Nov 02 '20 00:11 mmcky

@chrisjsewell @choldgraf what do you think of a myst_nb loopback / update option that could update source notebooks once the myst nodes have been parsed by Sphinx and the context is understood for issues like this (and the exercise execution issue).

Perhaps it could work like:

Set option mystnb_update_jupytercache = True
delay usual jupyter-cache run to execute source files
Add a transform to generate a set of source notebooks to unpack any nested code-cell contexts (literalinclude, code-cell read from file feature, exercise execution). Updated notebooks wouldn't update the original sources but some intermediate temp object (such as <sourcedir>/.jupyter-cache/sphinx).
run jupyter-cache -> sphinx -> output pipeline.

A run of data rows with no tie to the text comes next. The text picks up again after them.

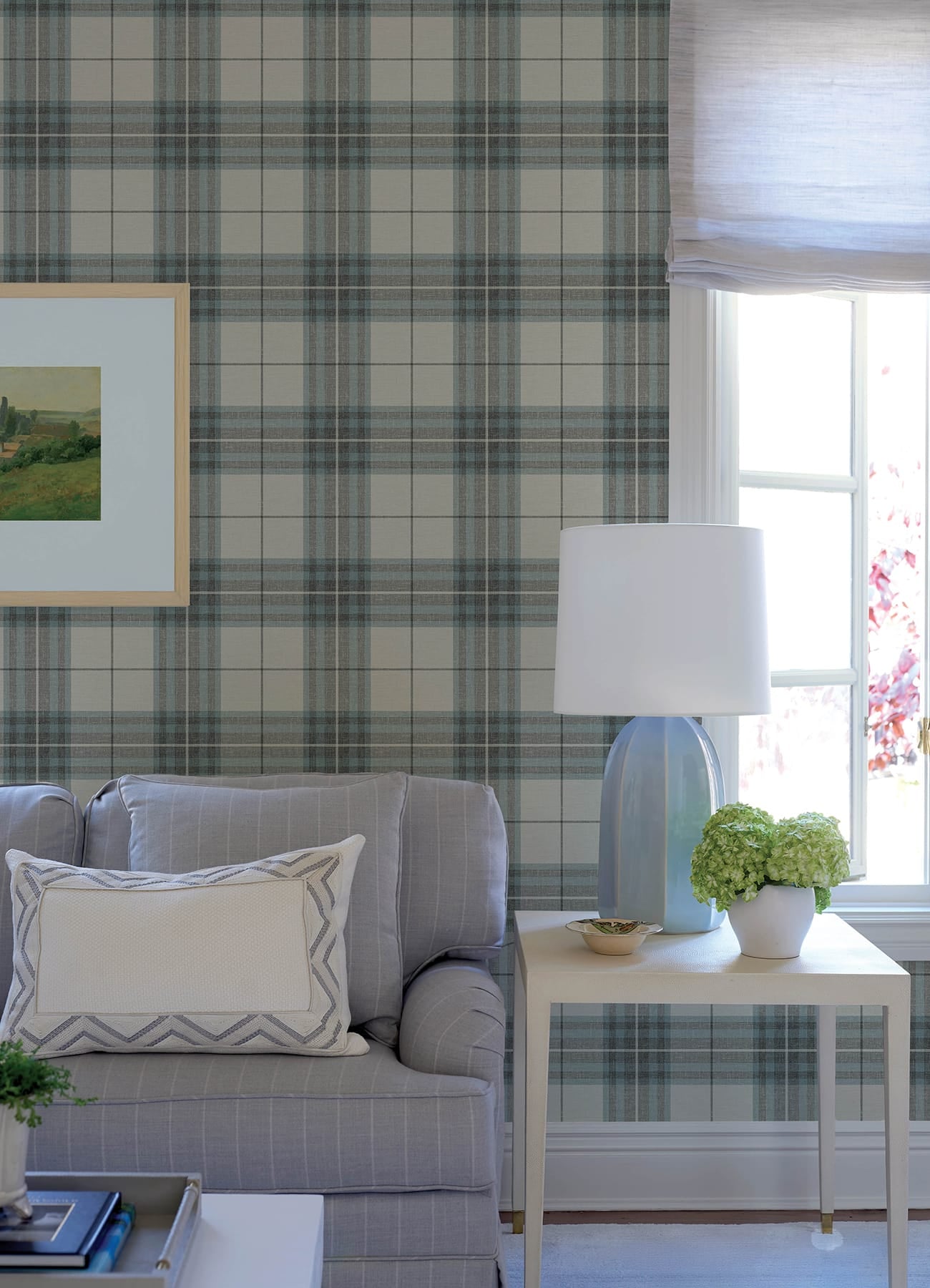 cabin-check-teal-plaid-wallpaper-york-wallcoverings-4192-27695 - York Wallpaper Wallpaper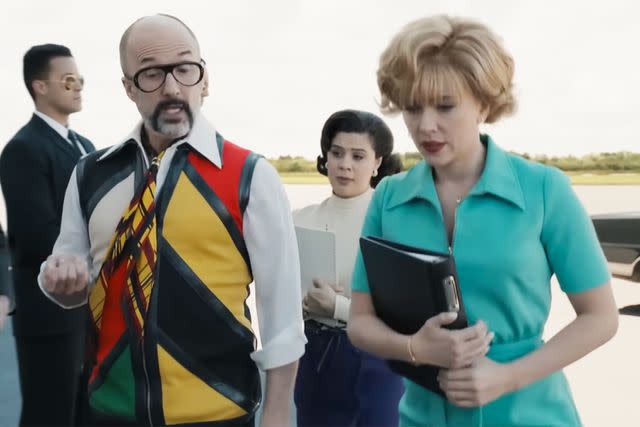 <p>Sony Pictures Entertainment/Youtube</p> Jim Rash and Scarlett Johansson in 'Fly Me to the Moon'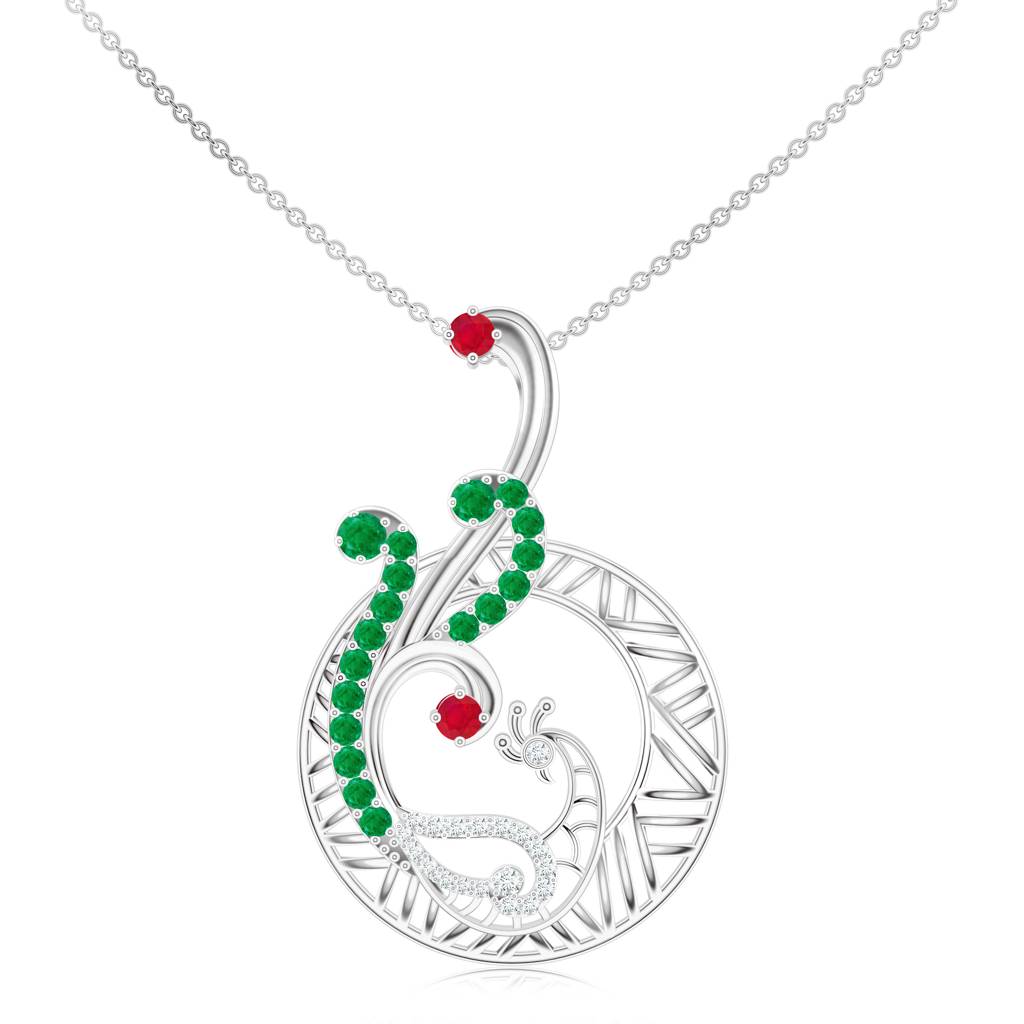 925 Sterling Silver Ruby And Moissanite Peacock Pendant With Chain : SILMBP001_S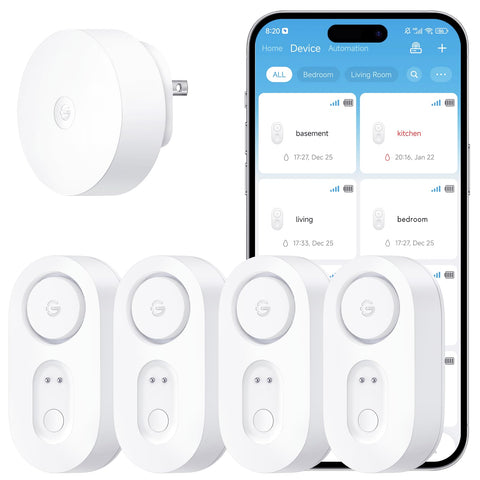 GoveeLife leak detector with long-range signal across walls for large homes
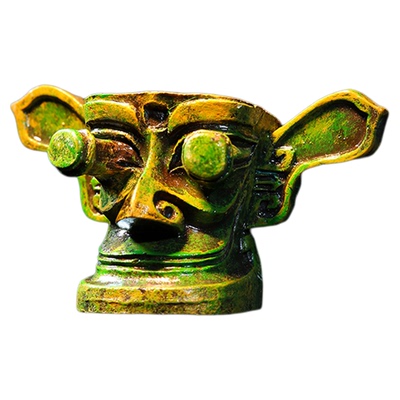 三星堆冰箱贴文创纪念品青铜纵目黄金面具立体成都广汉遗址博物馆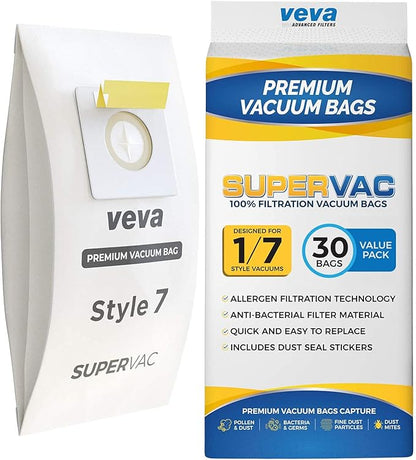 30 Pack Style 7 Vacuum Bags for Bissell Upright Vacuum Cleaner, Premium SuperVac Vacuum Bags Part # 32120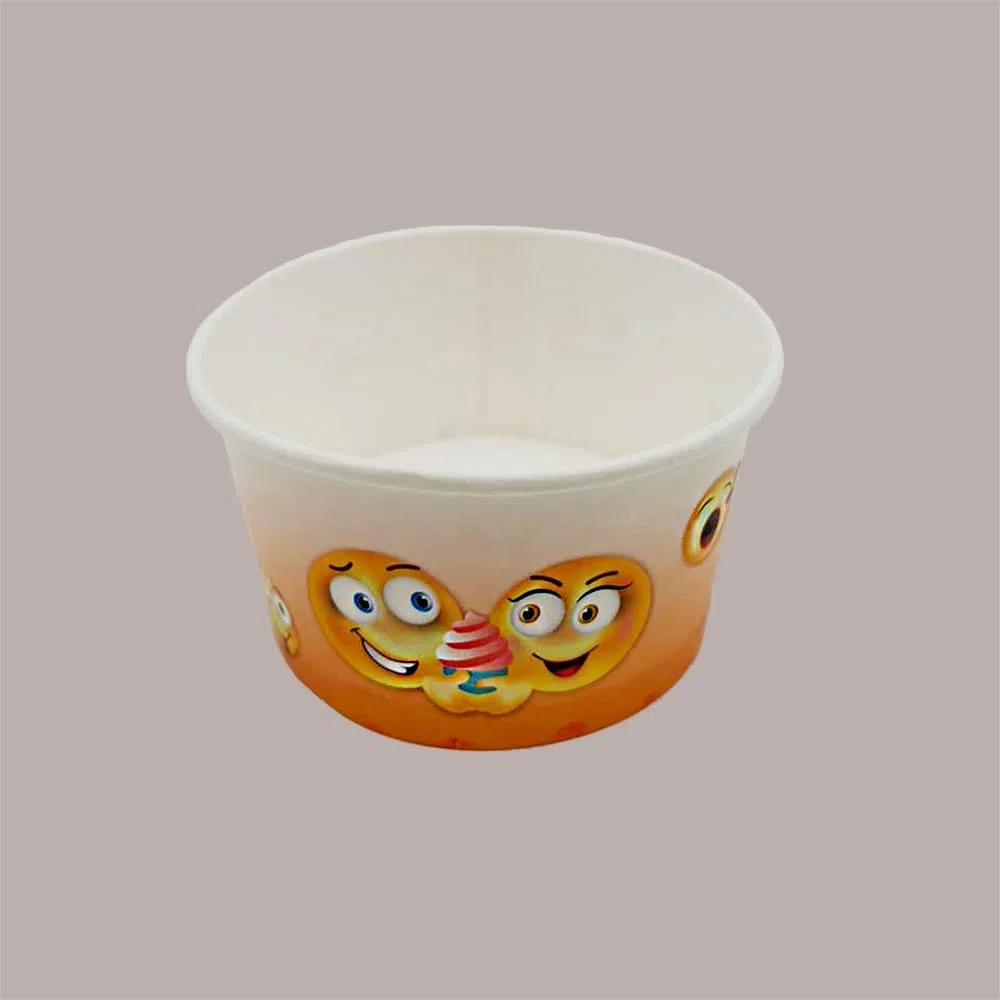 Lucgel Coppetta Bicchiere per Gelato in Carta Grafica Emoticon Emoji 140cc - 200 pezzi -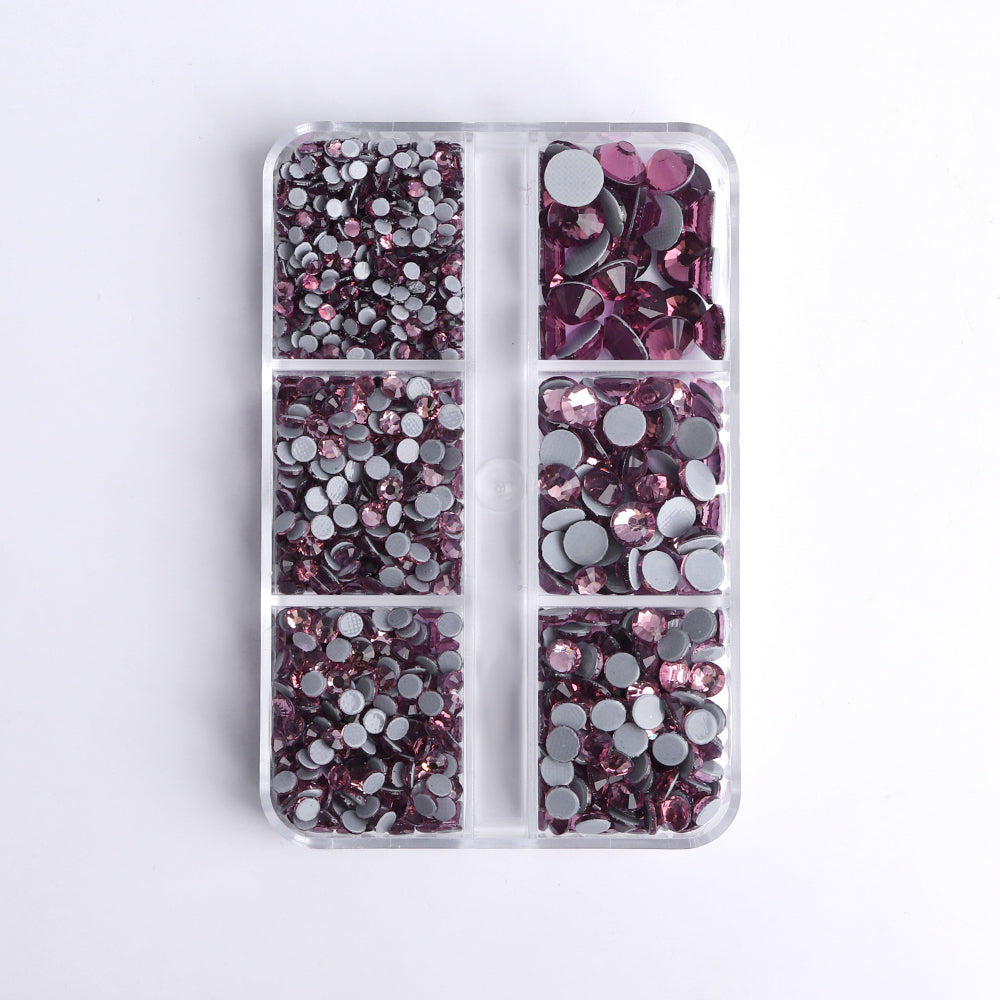 Mixed Sizes 6 Grid Box Light Amethyst Glass HotFix Rhinestones For Clothing DIY WholesaleRhinestone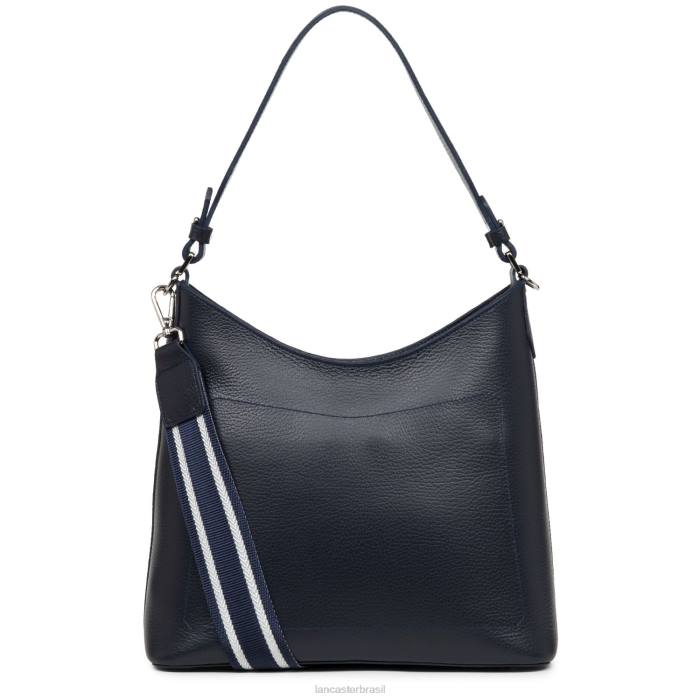 mulheres Lancaster Paris azul fonce-in-argent bolsa de ombro foulonne dupla RBF44346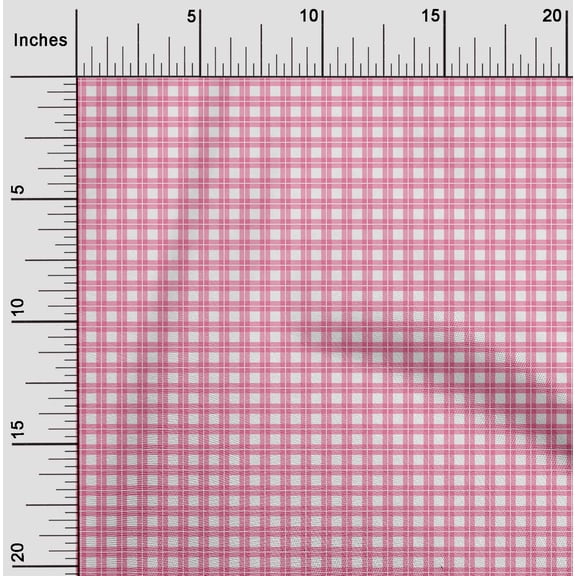 oneOone Georgette Viscose Fabric Gingham Check Print Fabric By The Yard 42 Inch Wide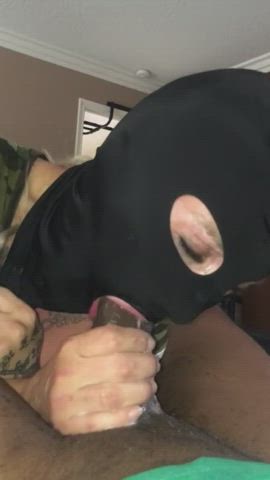 BBC Blowjob Deepthroat Interracial Mask Saliva Slave Sloppy Submissive clip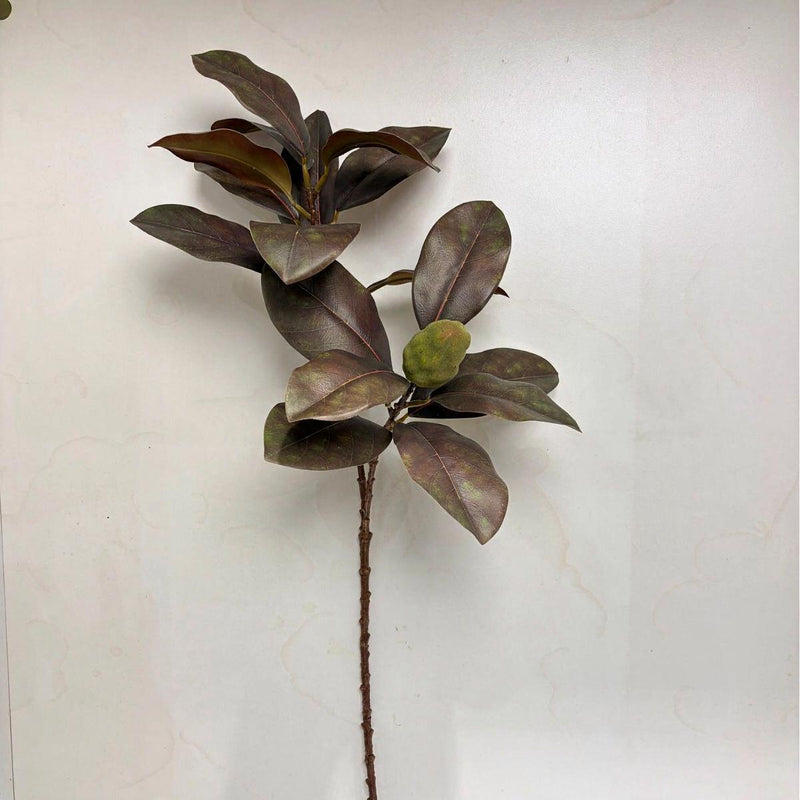 Artificial Magnolia Leaf Bush with Berries, 2-Fork Faux Greenery Branch, Nordic Style, for Wedding & Home Decor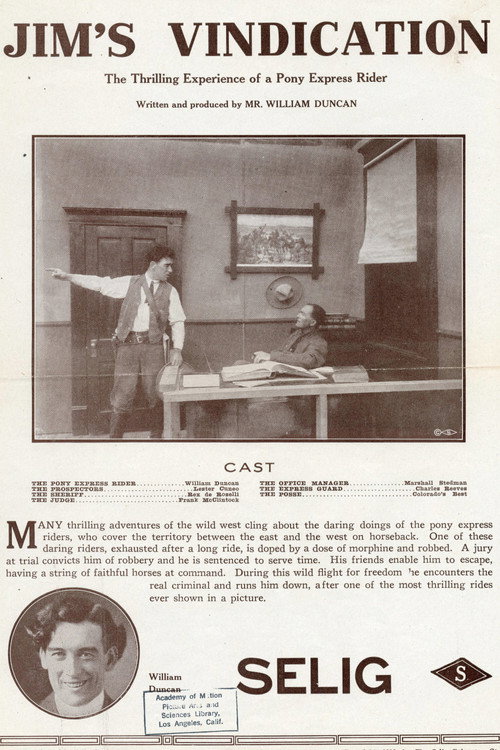 Movie poster for Jim's Vindication (1912)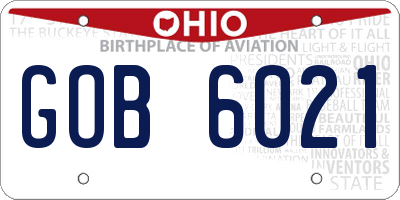 OH license plate GOB6021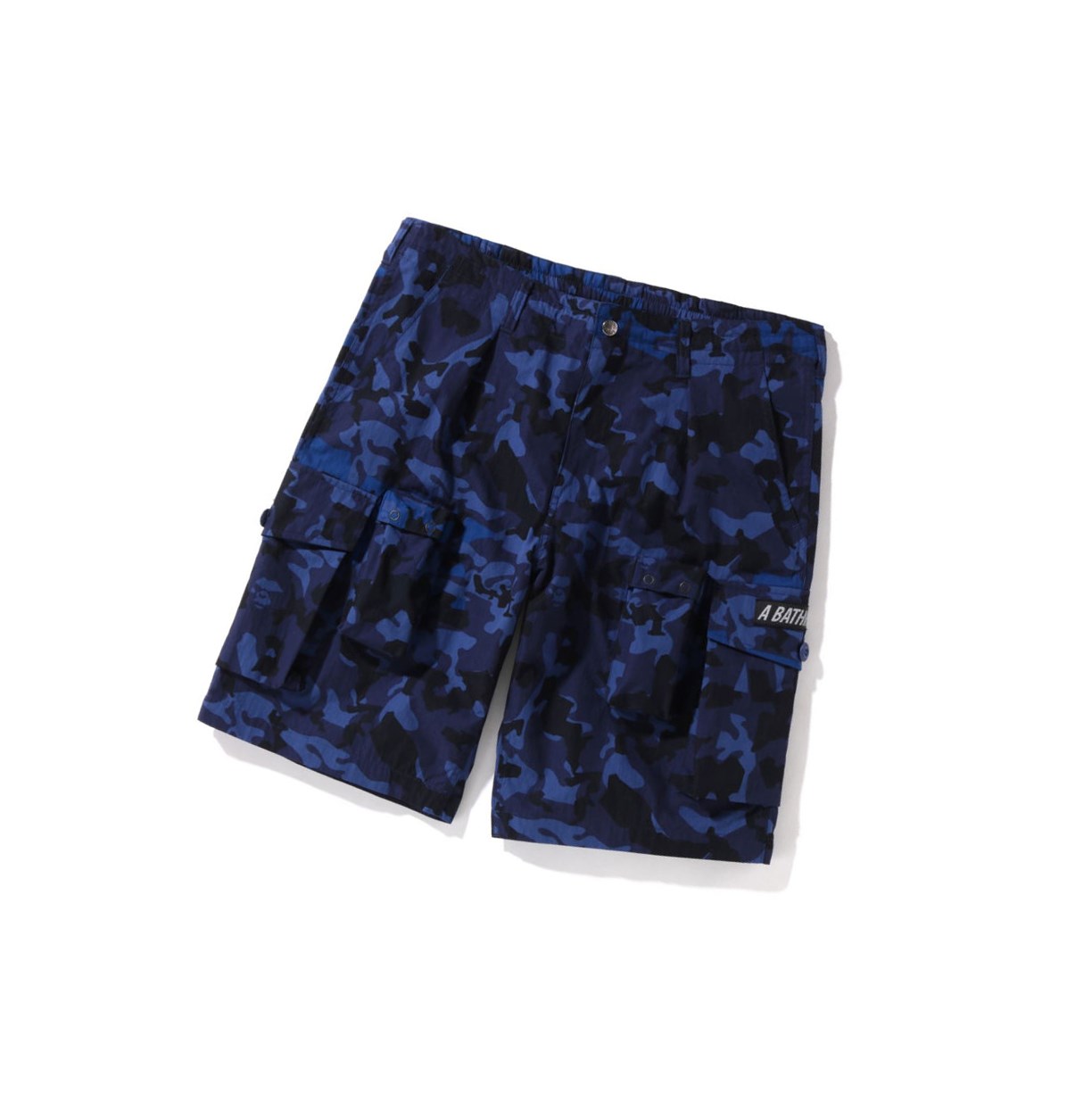 Men\'s A BATHING APE Sand Camo Multi Pocket Wide Fit Shorts Navy Blue | GHYS32105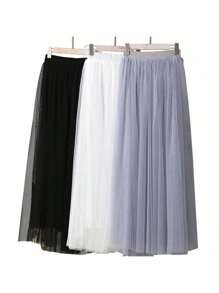 Black/White High Waist Tulle Skirt - 90cm Layered Net Underskirt With Lace Trim, Fluffy Tutu Skirt For Wedding Bridesmaid Cosplay Party Performance (L Size)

That initial run could be pretty useful and would be a very flexible approach. It would also seem relatively easy to debug independently of the usual build pipeline and wouldn't interfere with jupytext.

Note: the loop would only focus on execution. We wouldn't build building notebooks from sphinx.ast

Dec 11 '20 03:12 mmcky

To put it simply; if the file can not be (fully) run by vanilla Jupyter then it is not a Jupyter Notebook and should not have the .ipynb extension. We already have functionality to "pre-convert" custom files extensions to notebooks (https://myst-nb.readthedocs.io/en/latest/examples/custom-formats.html#custom-notebook-formats), this new format should use that

Dec 11 '20 03:12 chrisjsewell

To put it simply; if the file can not be (fully) run by vanilla Jupyter then it is not a Jupyter Notebook and should not have the .ipynb extension.

Perhaps we can bring in code from files using %load in a code-cell and leverage an ipython magic.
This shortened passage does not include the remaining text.